__Work item__: Images are to be omitted, and the rest of the records reproduced exactly.

** Opening Excerpted data block **

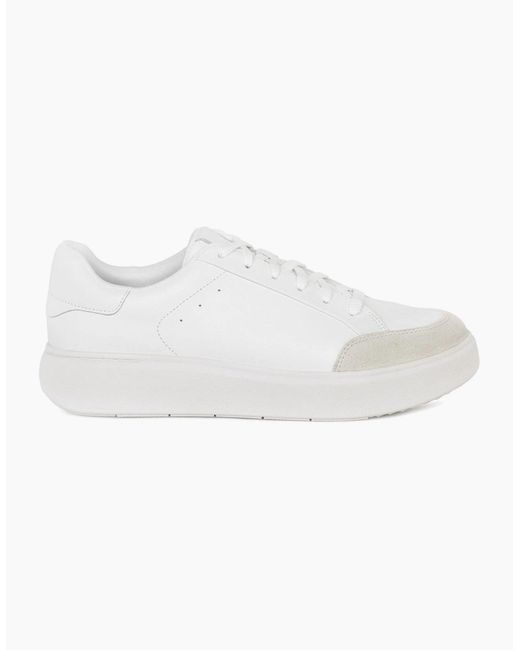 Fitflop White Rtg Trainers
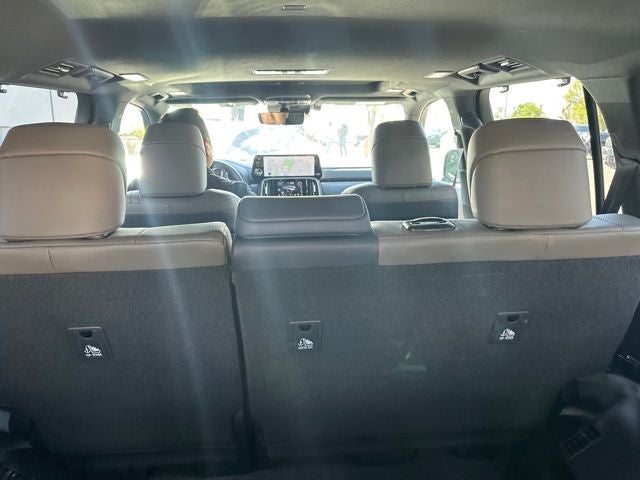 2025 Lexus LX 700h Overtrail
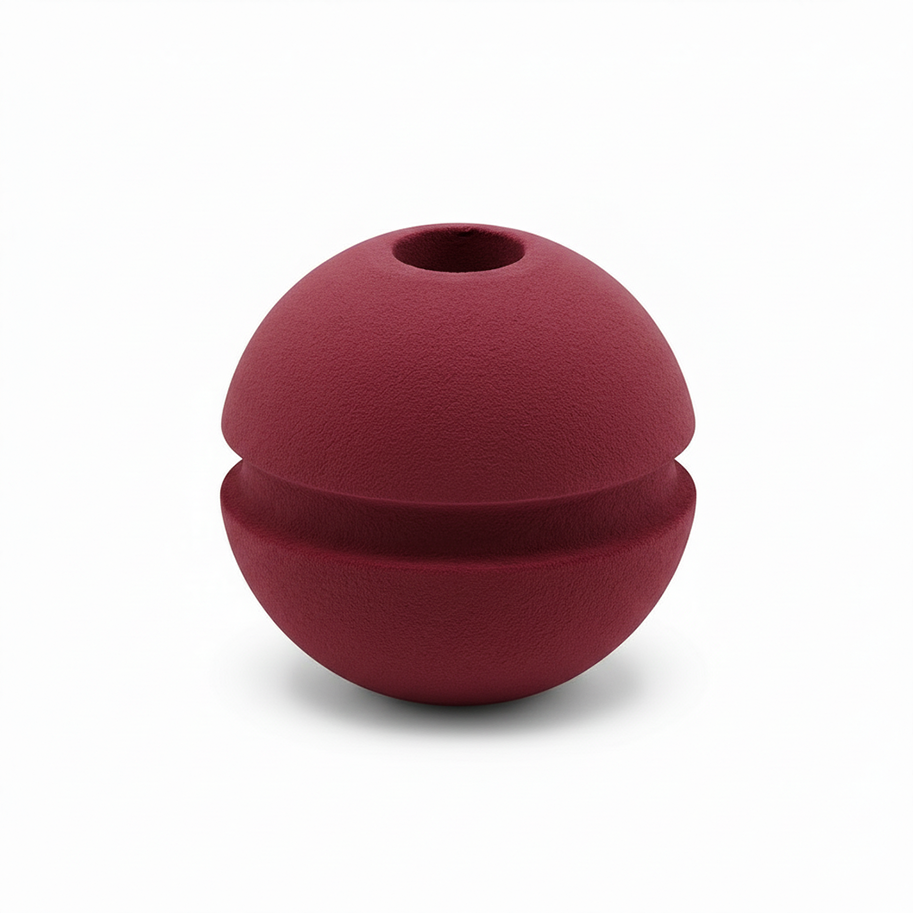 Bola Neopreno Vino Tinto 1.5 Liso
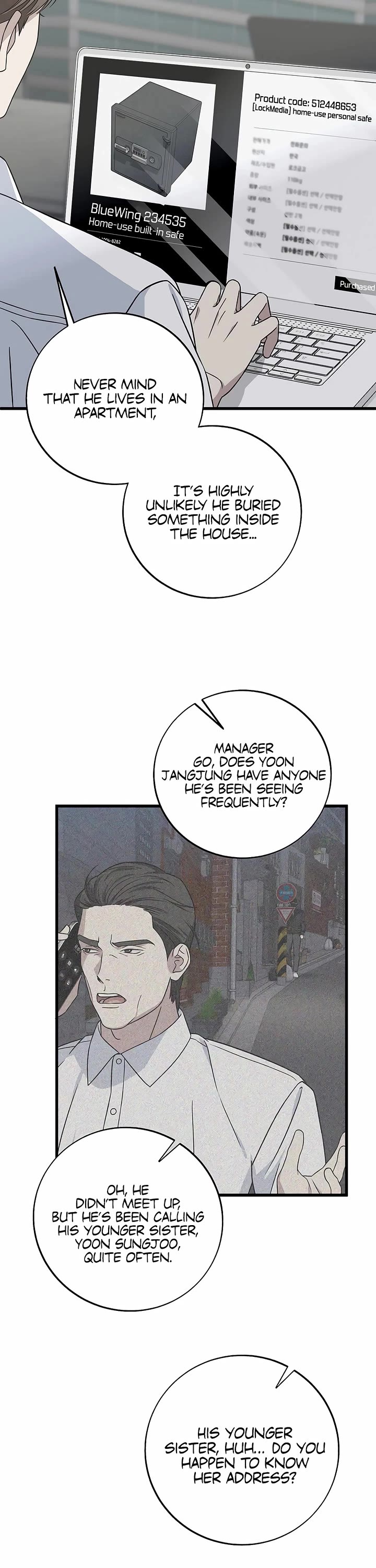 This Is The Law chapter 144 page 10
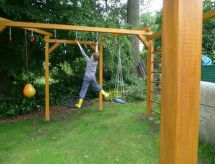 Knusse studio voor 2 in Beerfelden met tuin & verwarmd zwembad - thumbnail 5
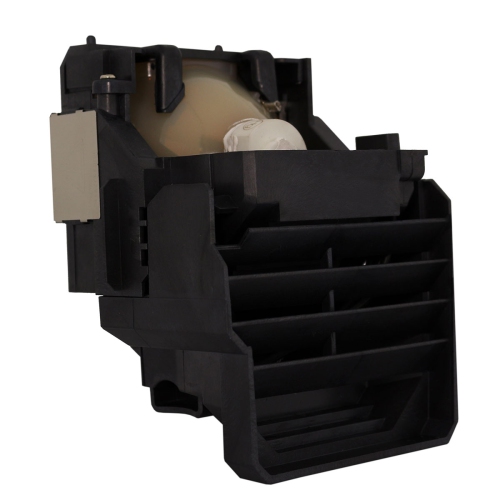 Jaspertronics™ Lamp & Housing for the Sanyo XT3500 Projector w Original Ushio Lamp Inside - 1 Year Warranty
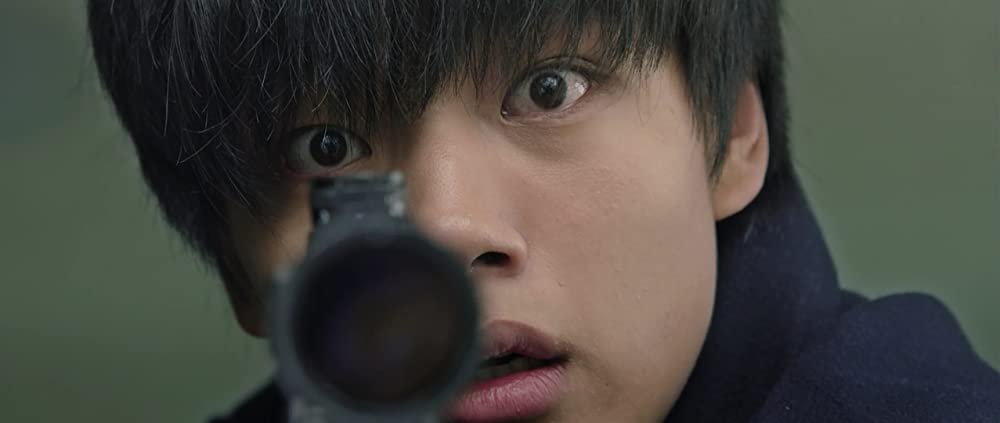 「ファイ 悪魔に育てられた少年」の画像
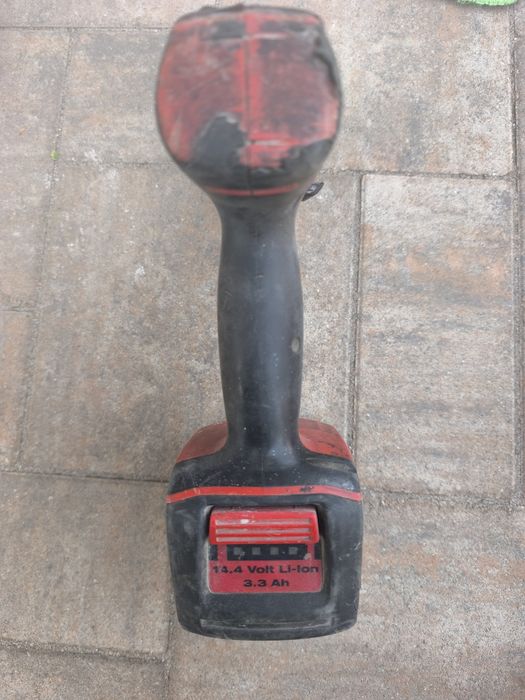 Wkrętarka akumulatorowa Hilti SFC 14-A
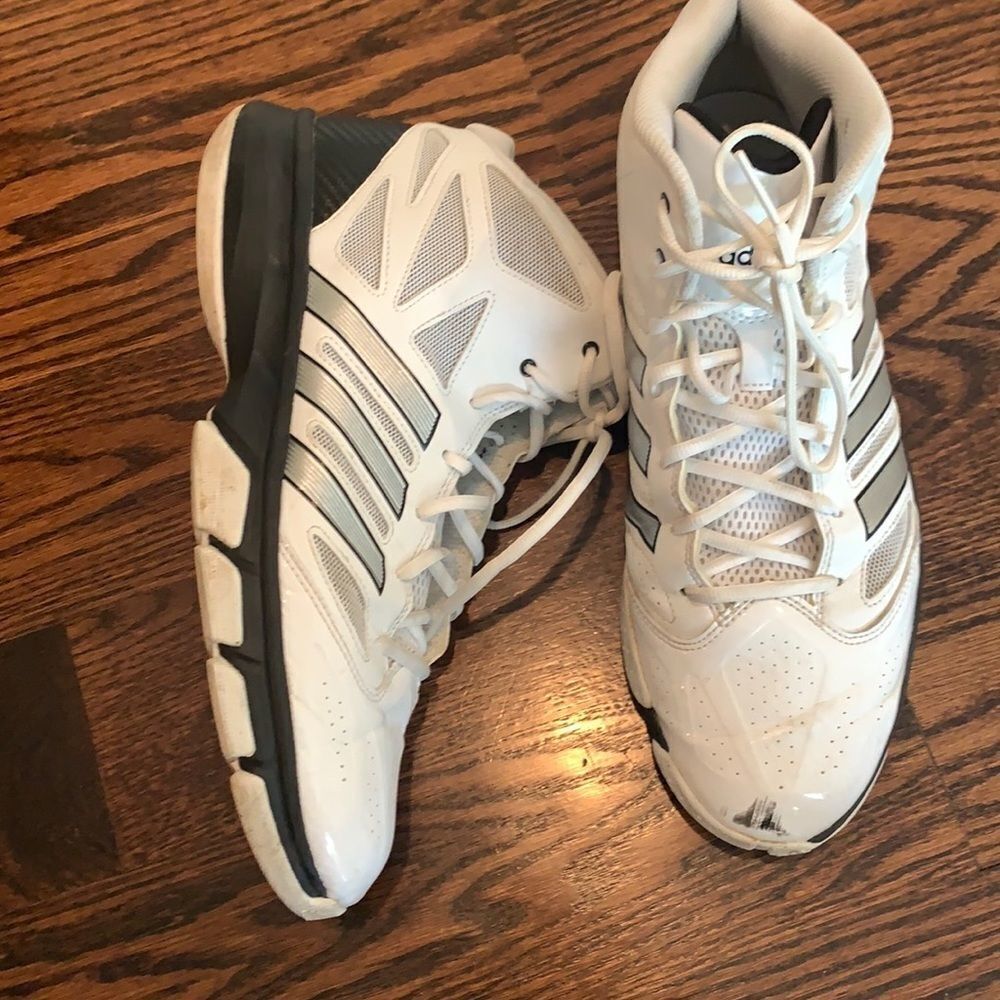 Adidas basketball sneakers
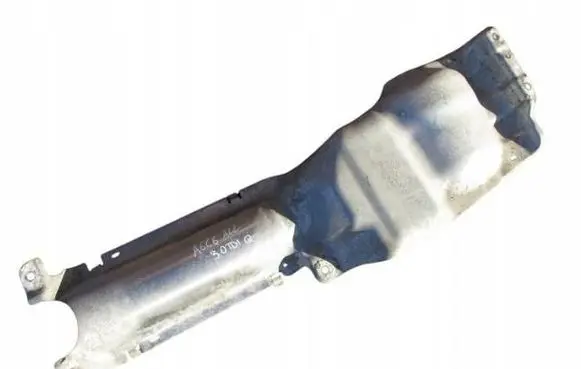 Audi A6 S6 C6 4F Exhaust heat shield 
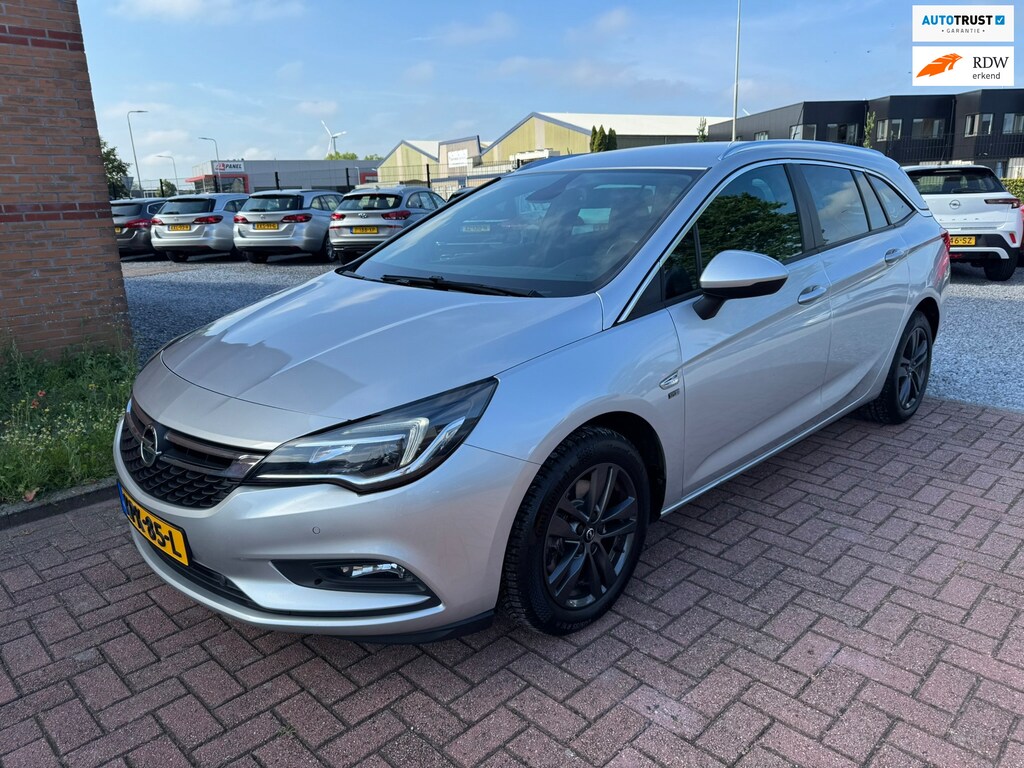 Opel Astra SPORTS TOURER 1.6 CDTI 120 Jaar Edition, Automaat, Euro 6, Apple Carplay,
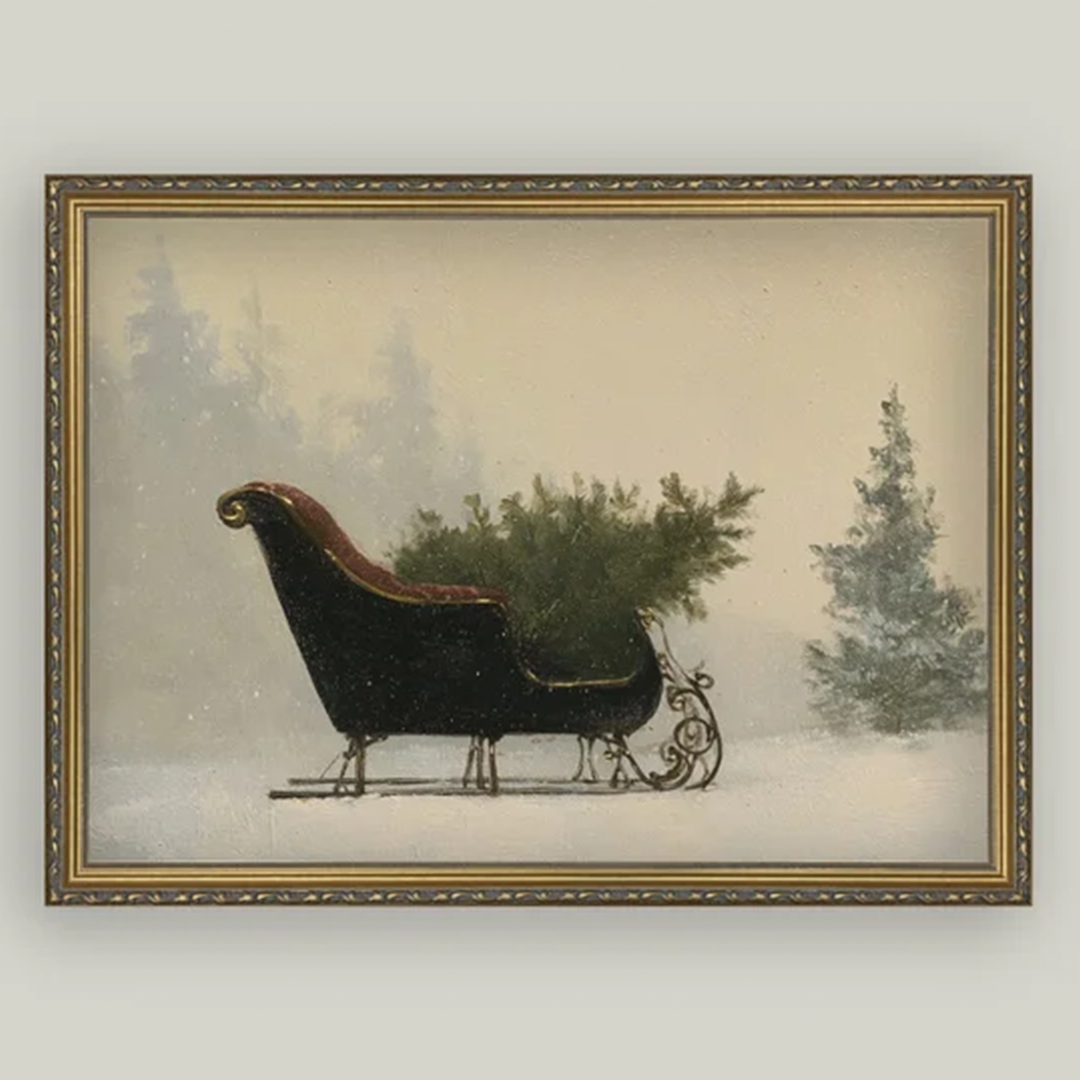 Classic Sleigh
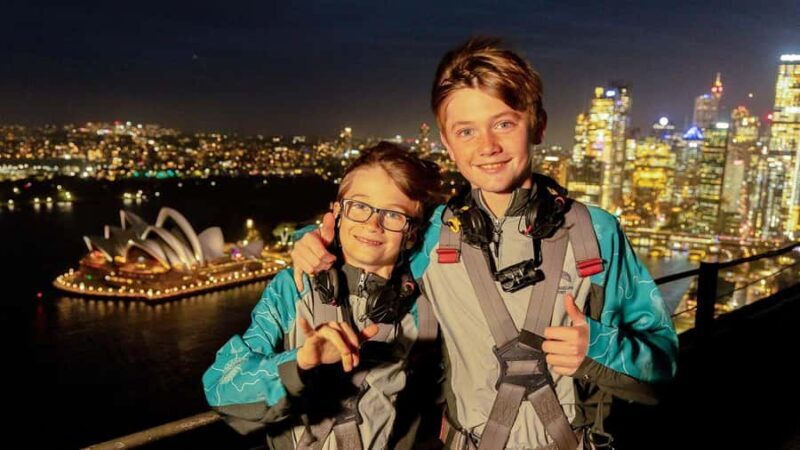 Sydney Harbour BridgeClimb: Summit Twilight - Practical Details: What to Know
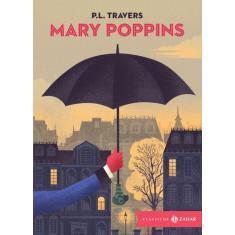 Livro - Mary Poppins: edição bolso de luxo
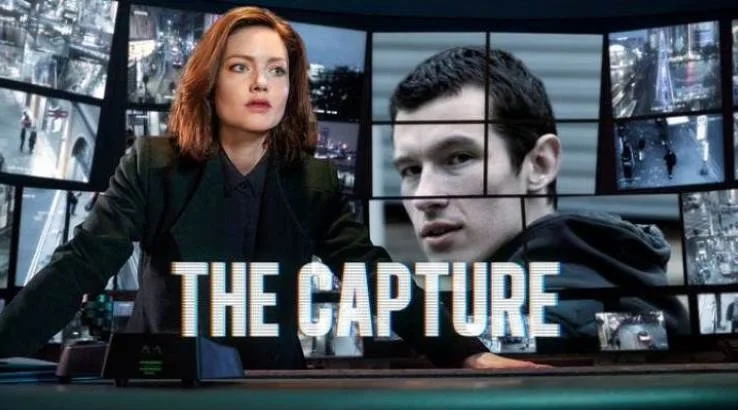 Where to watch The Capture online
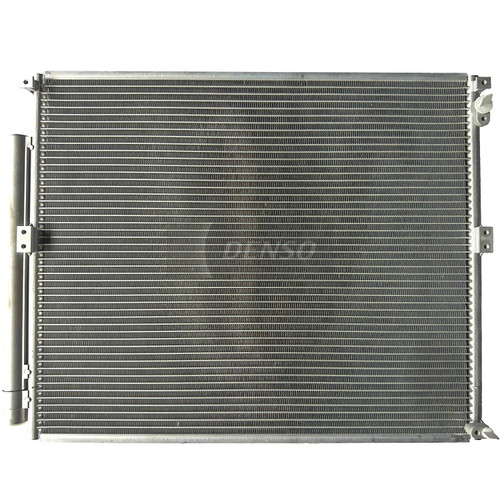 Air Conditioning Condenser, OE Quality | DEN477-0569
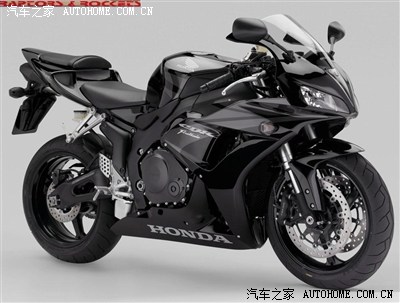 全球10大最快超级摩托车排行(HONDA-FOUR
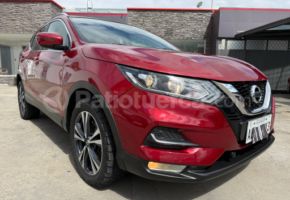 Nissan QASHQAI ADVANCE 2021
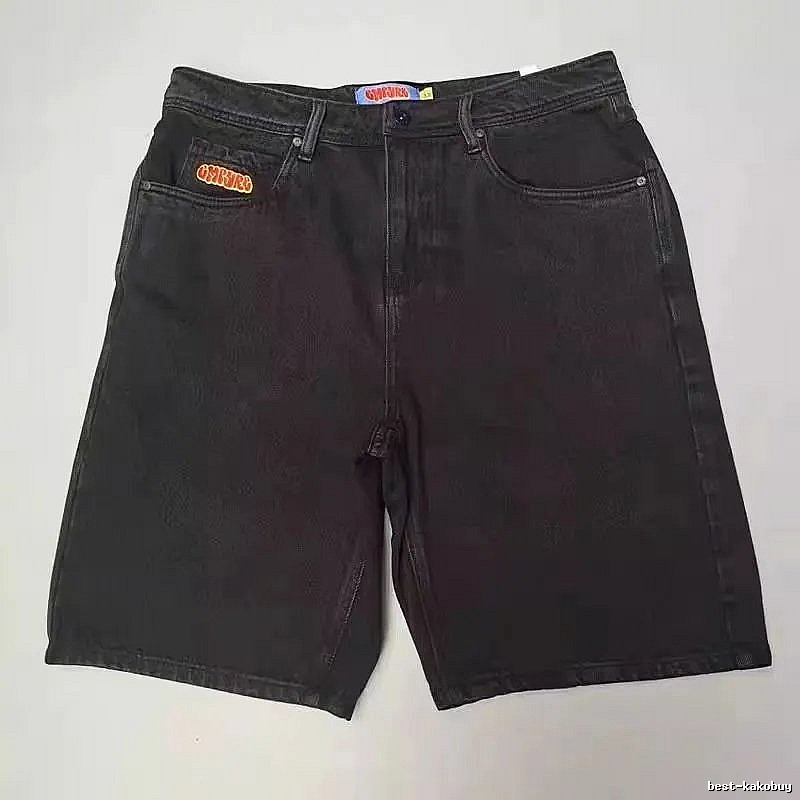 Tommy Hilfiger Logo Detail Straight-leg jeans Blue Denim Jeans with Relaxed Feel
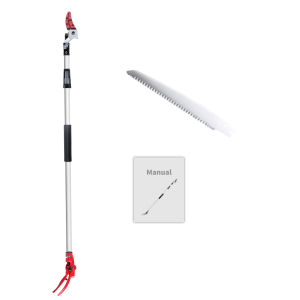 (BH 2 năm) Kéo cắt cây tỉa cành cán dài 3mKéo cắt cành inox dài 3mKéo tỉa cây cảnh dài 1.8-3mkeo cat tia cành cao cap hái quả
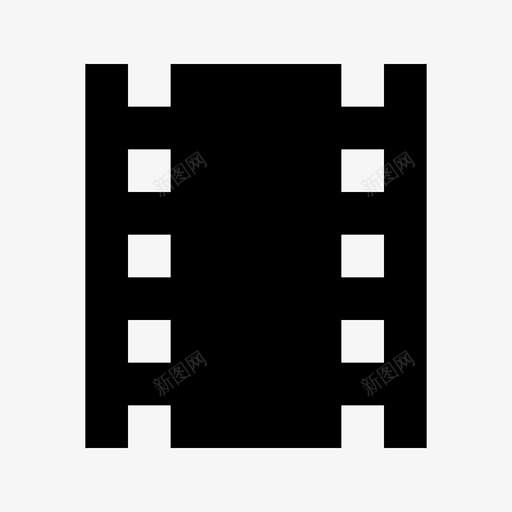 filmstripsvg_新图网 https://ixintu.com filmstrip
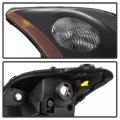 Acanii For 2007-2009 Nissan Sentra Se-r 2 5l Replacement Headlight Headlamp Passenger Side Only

** Closing Excerpted data block **

__Your solution__:
 Fitflop White Rtg Trainers
 2025 Lexus LX 700h Overtrail
 Bola Neopreno Vino Tinto 1.5 Liso
 This Is The Law chapter 144 page 10
 Knusse studio voor 2 in Beerfelden met tuin & verwarmd zwembad - thumbnail 5
 Jaspertronics™ Lamp & Housing for the Sanyo XT3500 Projector w Original Ushio Lamp Inside - 1 Year Warranty
 「ファイ 悪魔に育てられた少年」の画像
 Wkrętarka akumulatorowa Hilti SFC 14-A
 Adidas basketball sneakers
 Audi A6 S6 C6 4F Exhaust heat shield 
 Opel Astra SPORTS TOURER 1.6 CDTI 120 Jaar Edition, Automaat, Euro 6, Apple Carplay,
 Classic Sleigh
 Sydney Harbour BridgeClimb: Summit Twilight - Practical Details: What to Know
 Livro - Mary Poppins: edição bolso de luxo
 Where to watch The Capture online
 Air Conditioning Condenser, OE Quality | DEN477-0569
 全球10大最快超级摩托车排行(HONDA-FOUR
 Nissan QASHQAI ADVANCE 2021
 Tommy Hilfiger Logo Detail Straight-leg jeans Blue Denim Jeans with Relaxed Feel
 (BH 2 năm) Kéo cắt cây tỉa cành cán dài 3mKéo cắt cành inox dài 3mKéo tỉa cây cảnh dài 1.8-3mkeo cat tia cành cao cap hái quả
 filmstripsvg_新图网 https://ixintu.com filmstrip
 Acanii For 2007-2009 Nissan Sentra Se-r 2 5l Replacement Headlight Headlamp Passenger Side Only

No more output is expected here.